A Good Thing.

I could look back and see if I mentioned it, but don't have the time.  I joined the Y again back in September.  YIPPEEE!  I feel so, SO much better when I exercise regularly.  And so I have been.  Five days a week, with the exception of holidays, one sick day and one overslept day, I have been regularly since I joined.  I went from being winded to with 10 minutes of fast walking on the treadmill to now being able to, just this morning, jog for 28 minutes!!  When I hit my 30 minute goal of stamina, I'll increase the speed bit by bit, or do intervals or something.

In addition to being exceedingly proud of myself (I think I deserve to pat myself on the back a bit), I have more energy in general, and my face has thinned out.  I haven't lost any actual weight - in fact I may be a couple pounds heavier, but honestly, I feel good.

I should post.

Haven't really been inspired to write since BatCat died, but I figure that I'd better get back to it or I'll drop off again like I did with the last blog.  Stubby has been let back into the house.  1st Floor only.  Not full time, yet, as he'd have none of that since he now likes the out of doors.  I had given away all indoor-cat-related things when both cats were relegated to the outdoors, so the day after we lost BatCat, I headed over to Tractor Supply and got a new litter box, a great supply of litter, a scoop, a couple cat toys, Nature's Miracle (which, thankfully, we've yet to use), and Feline Pet Ease (the equivalent of a natural Xanax for cats).

At first Stubby was scared to even come in at all.  Then when he realized that this would be where his meals were, he started arriving at the door at the appointed times.  It has been easier to get him to stay inside at night as Mozart goes to bed about the time he gets fed, so the environment is much calmer.  He has stayed inside a handful of day, but even when he does, it seems like he needs his fix of the outdoors for a little bit in the evenings.  Mozart doesn't help.  In fact, I'm not so sure it's the outdoors so much as the need-to-get-away-from-that-insane-moving-beast-of-a-toddler that has him wanting to go out in the evenings.

He has been a bit of a love though.  We are doing our best to love him up as much as possible.  For the day or so after we found BatCat, he seemed out of sorts - maybe it was just us, but it did seem that he missed her in a way.  I just want him to be happy.  And not leave pee-puddles to attend to.

And then there was one.

There's no way to soften the blow.  TW came home from work on her lunch break and found BatCat.
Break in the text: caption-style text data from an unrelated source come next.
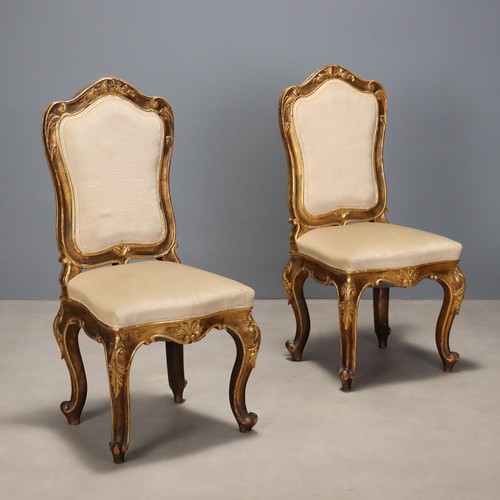 Sedie eclettiche antiche legno - sedie,
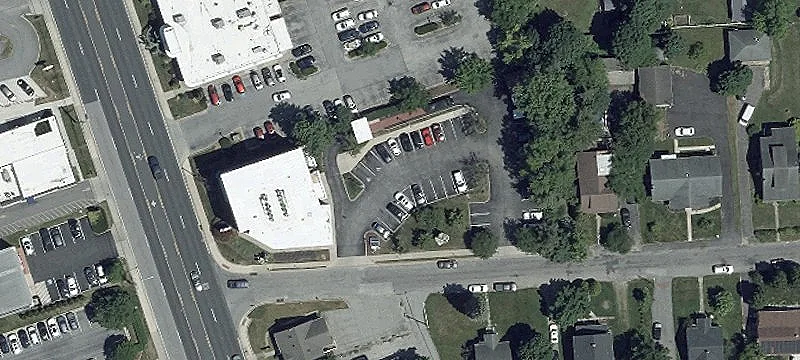2045 York Rd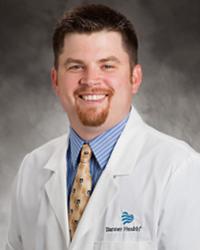 Dr. Adam Mackintosh - Sterling, CO - Family Medicine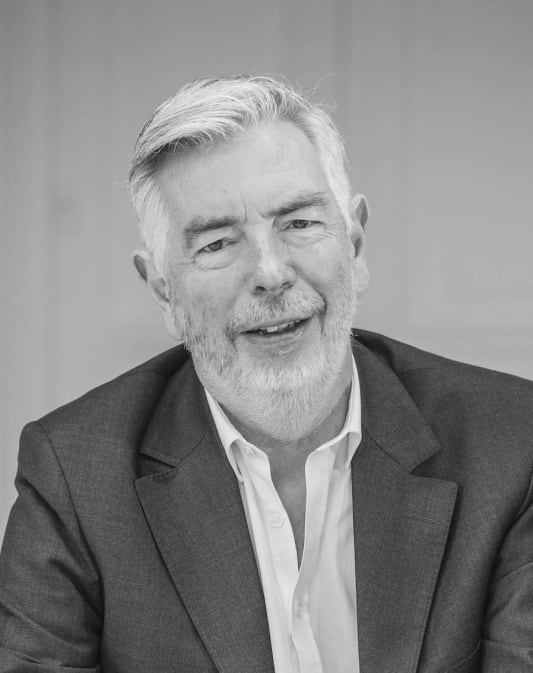 Bernard Le Bras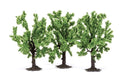 Hornby R7202 Trees: Fruit (7650705572077)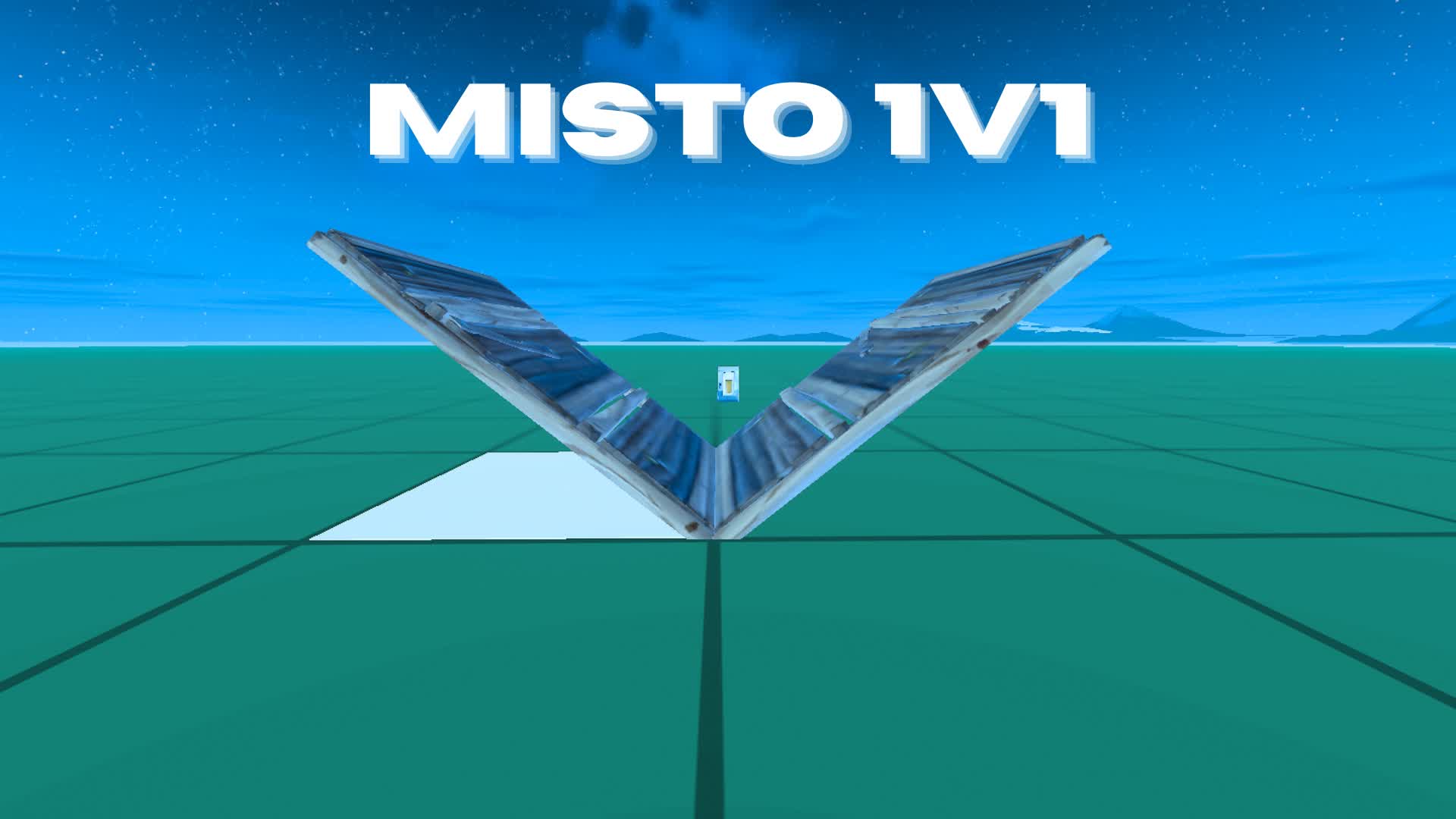 Misto 1v1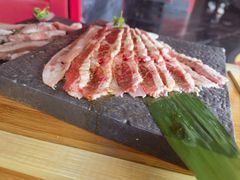 -谷牛和牛烤肉(漕河泾印象城店)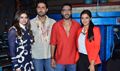 Bol Bachchan stars on the sets of Tarak Mehta - Bol Bachchan Event Photos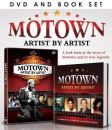 Motown Artist by Artist (Includes Book)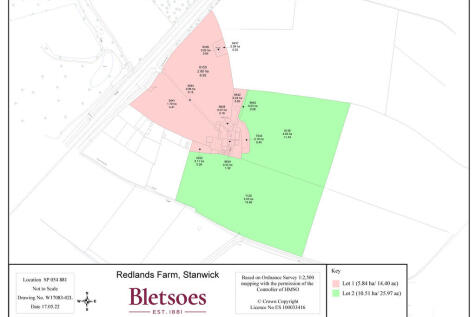 Plan - Mapping Co...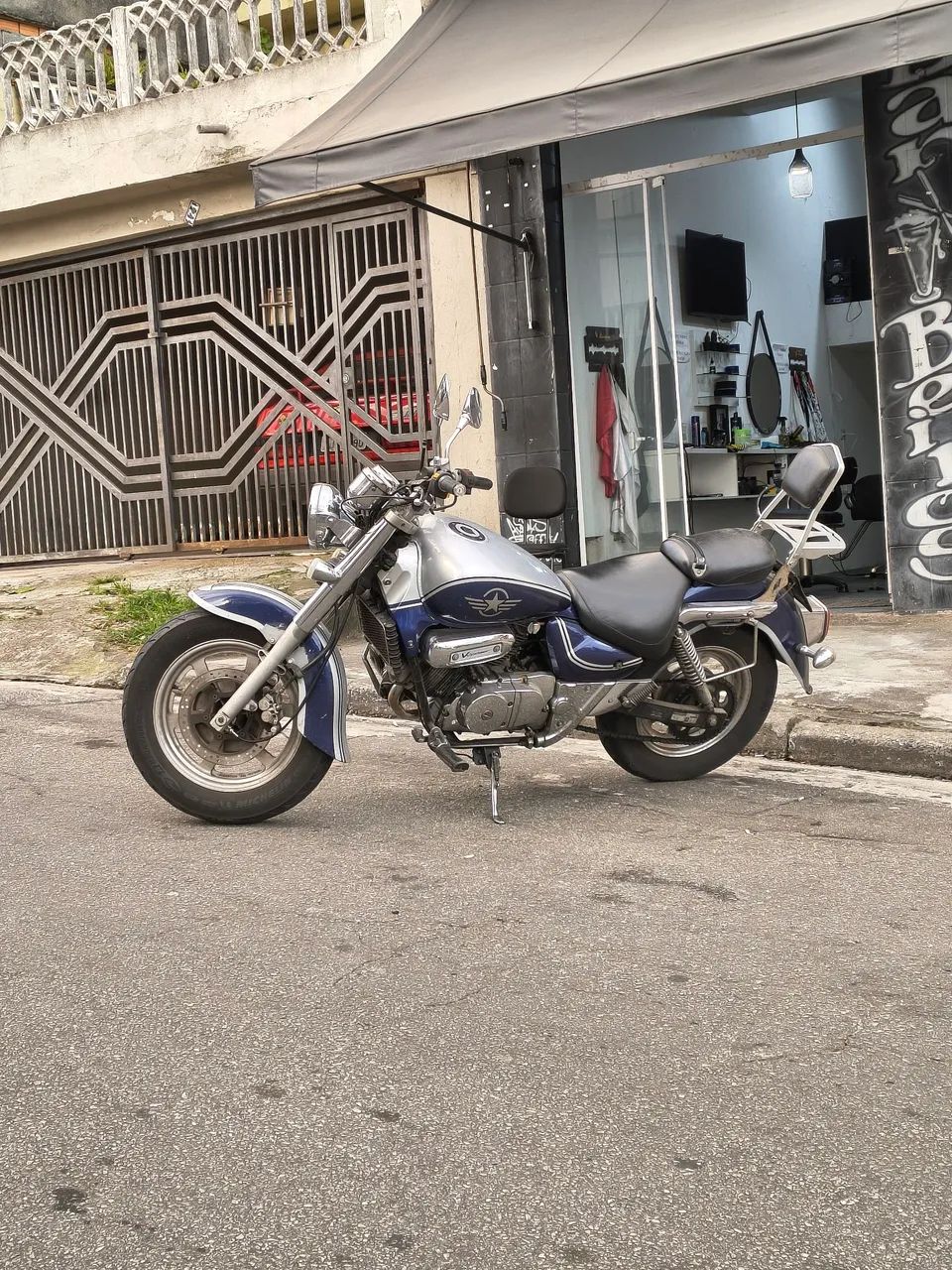 Mirage 250 - Foto 5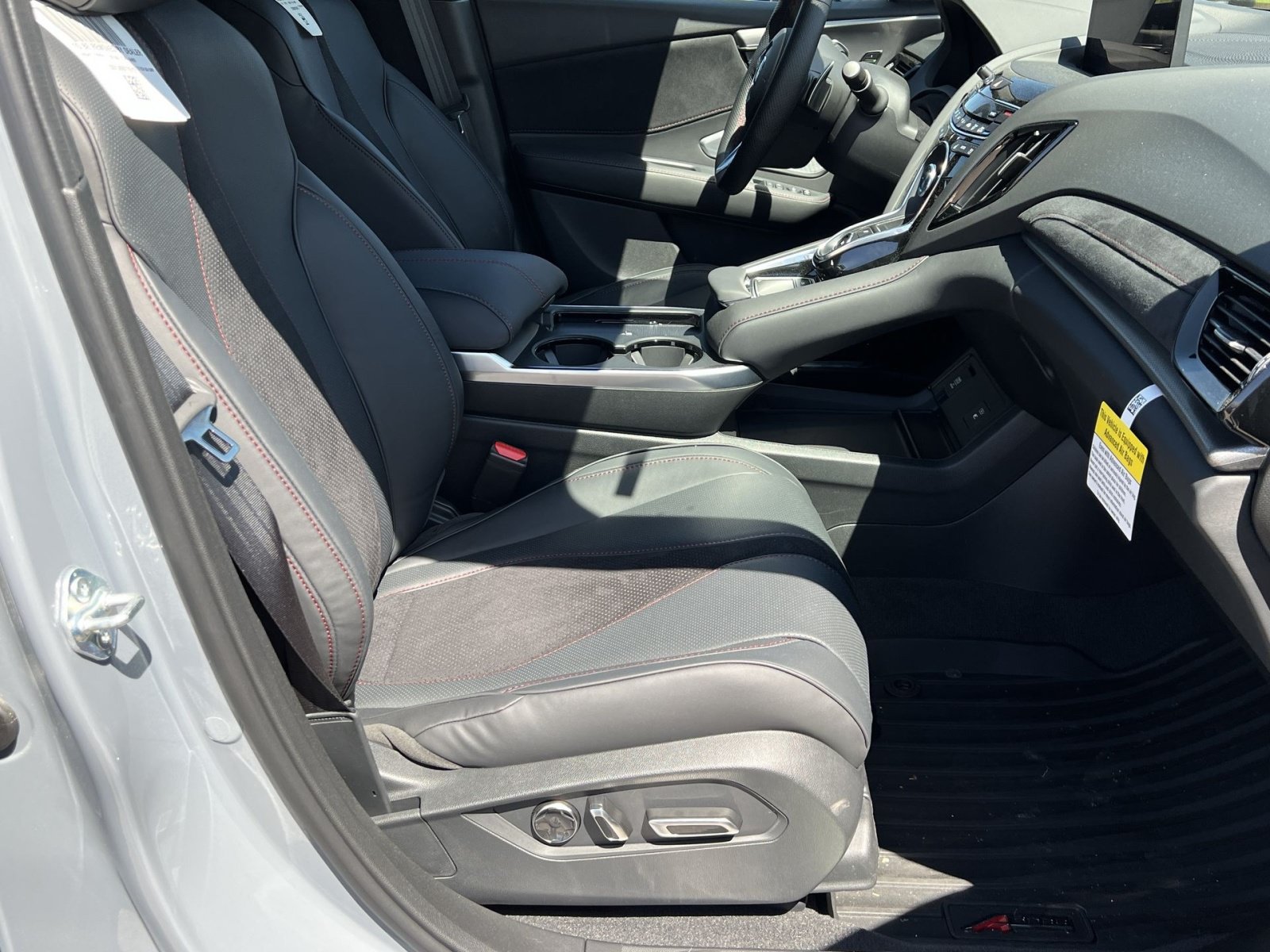 2026 Acura RDX A-Spec Package - Photo 26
Dead.  She called me at work but I was busy.  She called back twice more within minutes and so I excused myself and got the news.

I am heartbroken, but I cannot imagine what TW is going through.  She got BatCat before she met me and when she was having a very hard time.  She has often referred to how much support she got from her.  And that they are kindred spirit or a kind of soul mates.  And after finding her she couldn't even grieve properly as she had to go back to work.

In tears, I got off work an hour early, dropped Mozart off at Mme. Child's, stopped at the store and got several bags of ice, then went home to ensure BatCat's stability until we can decide what to do (burial or cremation) and where it will happen.  I got flowers, wine and ice cream for TW, and then picked up the boy.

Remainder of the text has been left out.